Exercise description
Images are to be dropped, and the rest of the data reproduced exactly.

The data
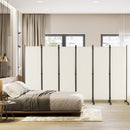 6 Panel 5.7 Feet Tall Rolling Room Divider on Wheels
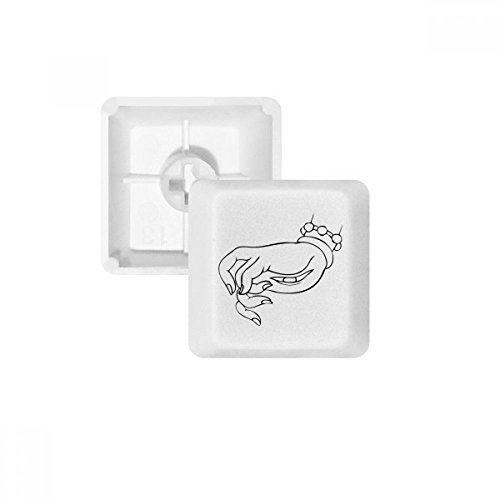 Keycaps PBT Bouddhisme blanc avec dessin en ligne profil OEM durable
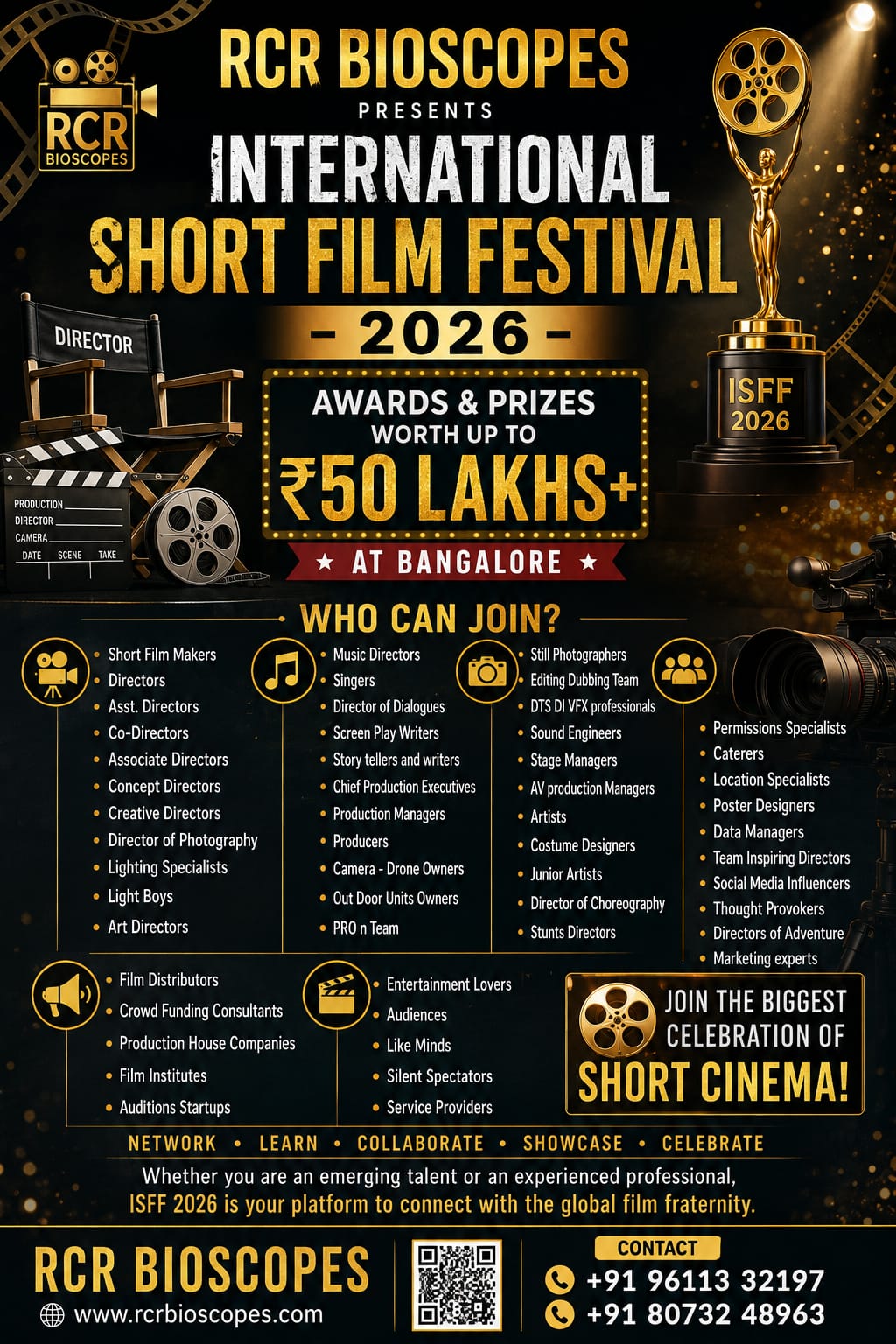 Festival participants and creative professionals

Output of the exercise
 6 Panel 5.7 Feet Tall Rolling Room Divider on Wheels
 Keycaps PBT Bouddhisme blanc avec dessin en ligne profil OEM durable
 Festival participants and creative professionals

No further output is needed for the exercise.